At some point, all leaders will be required to confront someone on their team. It may be about performance, personal behavior, mismanagement, or a host of other possibilities, but confrontation is critical – and inevitable – in all organizations. However, as Deborah Smith Pegues points out in her excellent book “Confronting Without Offending,” the key is to use confrontation to make better employees, not drive them away. Here’s a few of her tips for making that happen:
1. Confront yourself first. Be honest about why you’re doing it. Make sure there’s no ulterior motive, and you’re not reacting out of anger or offense. Determine the outcome ahead of time. What do you want to see changed as a result of the encounter? What do you want the other person to do for this to be successful?
2. Select the right time and place. If possible, never do it over the phone or through an email. Face to face is always better, and make sure you have privacy. As the Bible says, “If your brother sins, go and show him his fault in private (Matthew 18:15). Select a neutral location – especially if it’s going to be a heavy session. You don’t want distractions to interrupt the meeting, but be close enough to other workers or the public so you have a way out if he or she gets belligerent.

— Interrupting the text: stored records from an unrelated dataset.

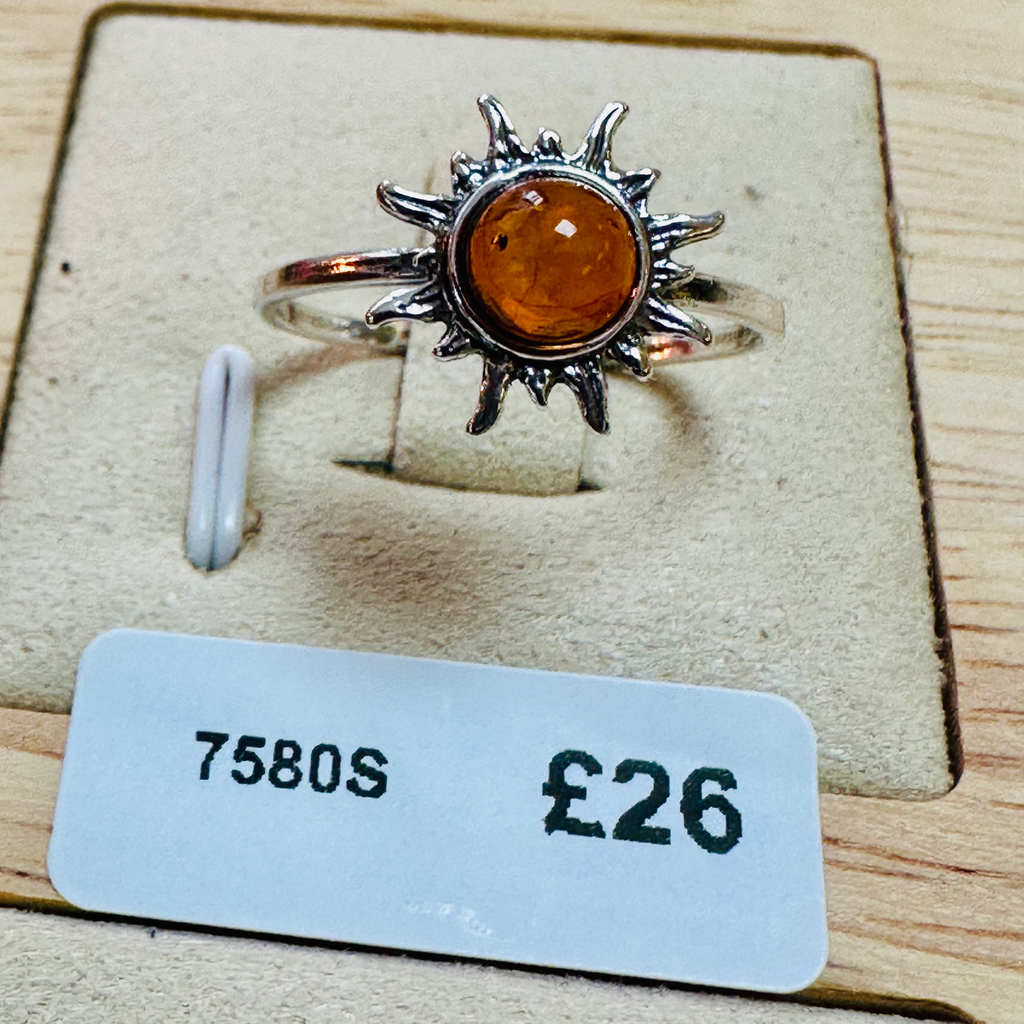 Sterling silver sunburst Amber ring size S image 0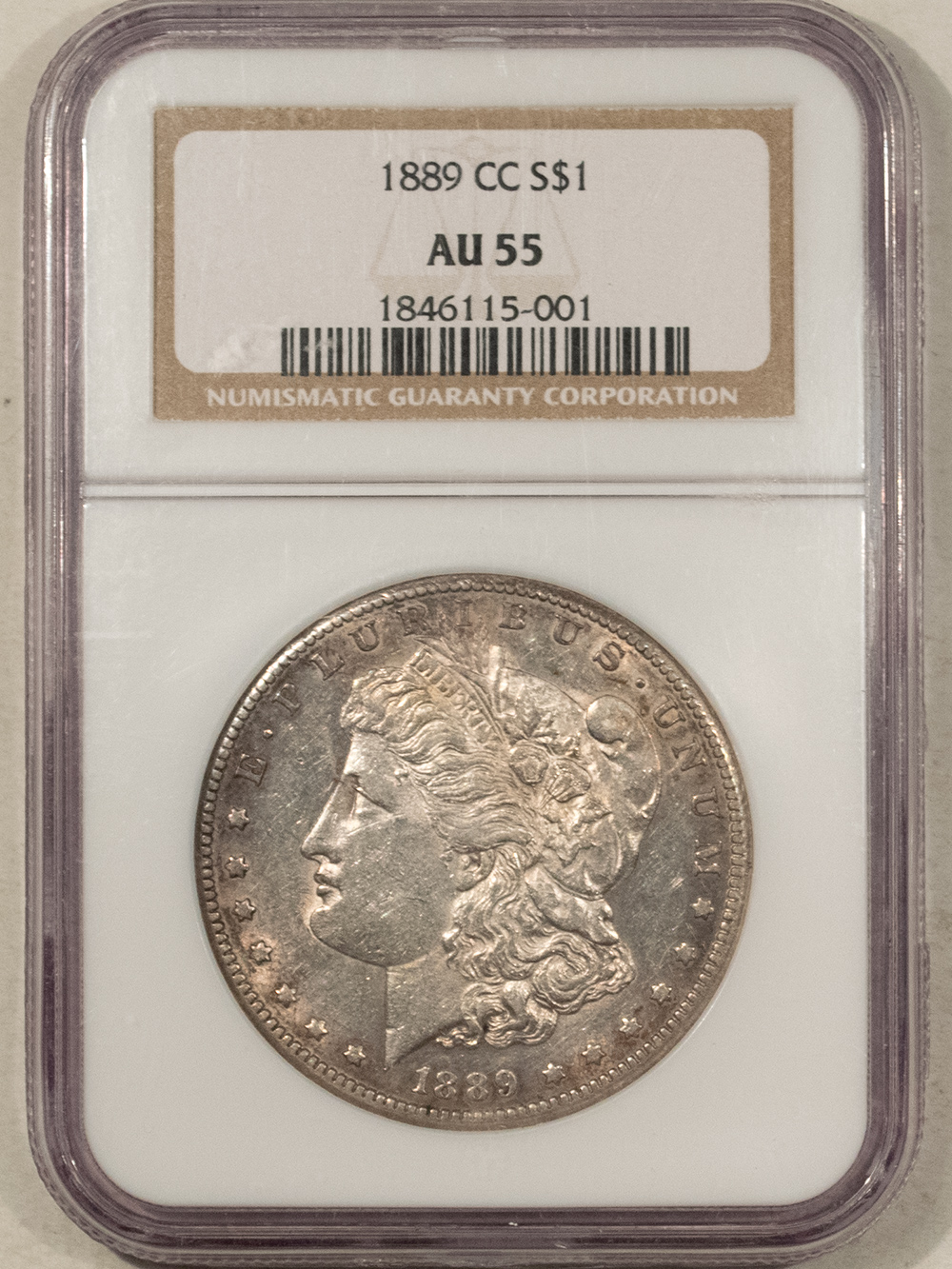 Dollars 1889-CC $1 MORGAN DOLLAR – NGC AU-55, KEY-DATE! CARSON CITY! Dollars 1889-CC $1 MORGAN DOLLAR – NGC AU-55, KEY-DATE! CARSON CITY!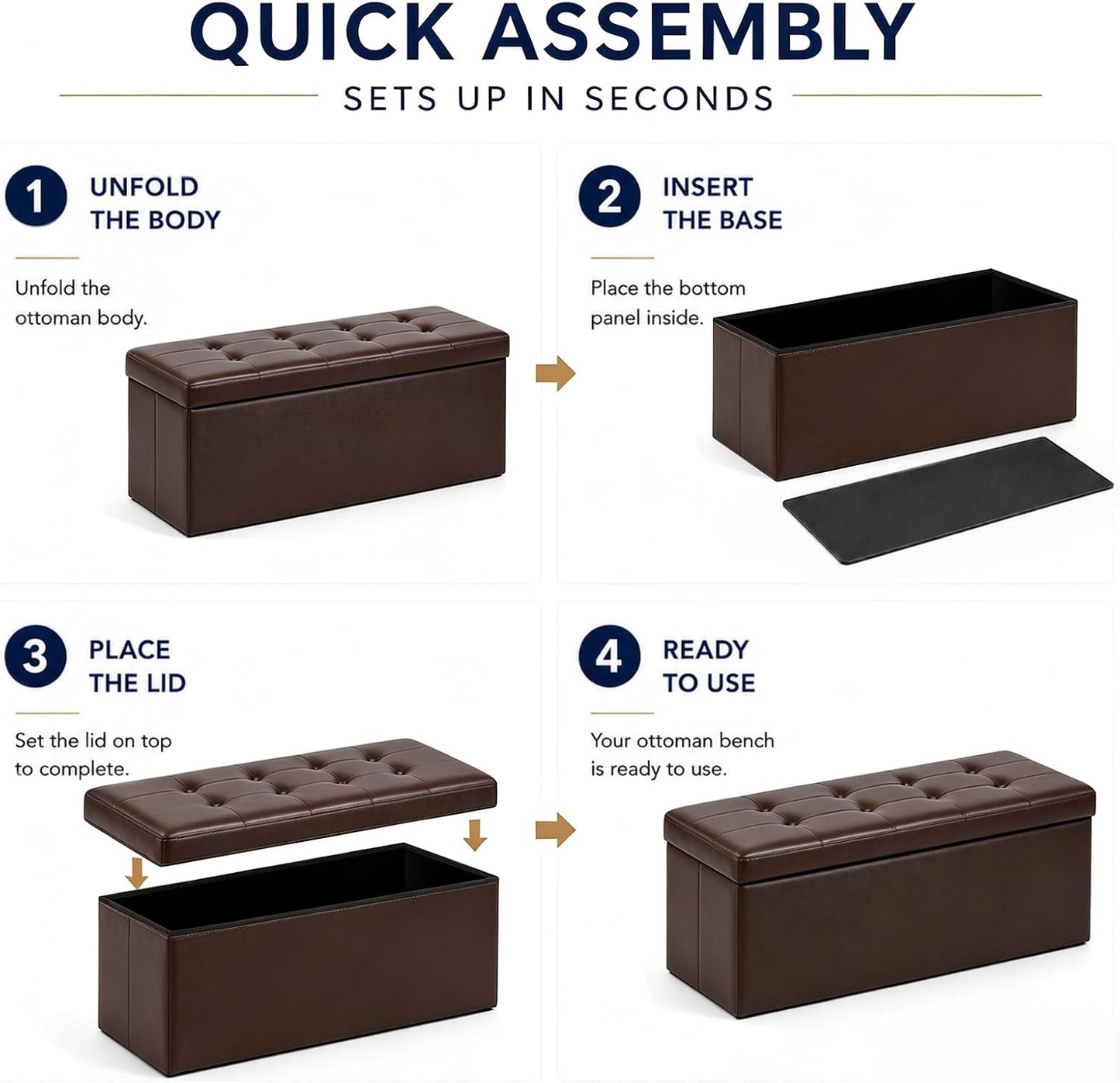 ALASDO Storage Ottoman Footrest Stool Small Ottoman with Storage Foldable Ottomans Foot Rest Footstool Bench for Living Room 17x13x13inches Grey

3. Own the problem. Speak on YOUR behalf. Don’t blame the criticism on others, this is between the two of you. Not owning the problem is cowardly.
4. Make it timely. The longer you wait, the less impact your criticism will have.
5. Be specific. Don’t beat around the bush. Don’t be a jerk, but get to the point. Wasting time talking about the weather, the kids, or sports scores only makes it worse.
6. After the criticism, listen to their response. There’s always the chance that you misunderstood the situation, or got the facts wrong. Plus, you never know the scars other people are carrying. Hear them out and let them respond. They need the opportunity to explain their actions.
7. Agree on the future. Both of you should agree about the changes that will need to be made. Hopefully, you’ve given them hope that new behavior or new actions will make things right. But don’t forget to outline what it will take to move forward. They should leave the room knowing exactly what they need to do in the future.
8. Finally – release the offender. Don’t hold the mistake over his or her head, constantly remind them, or embarrass them further. Forgiveness matters, and your ability to forgive will determine the effectiveness of the confrontation.
There’s far more detail in Deborah’s excellent book, and I highly recommend it – particularly in this day and age where people can get so easily offended. I’ve always believed that your people skills are far more important than the skills is takes to do your job, and this is a good place to start.
Mistakes happen, so don’t think you can lead effectively without occasional confrontation (the same is true in your personal relationships.) Taking confrontation seriously can make a world of difference in how your team operates.
How do you feel about Deborah’s suggestions? Have you ever struggled with confrontation?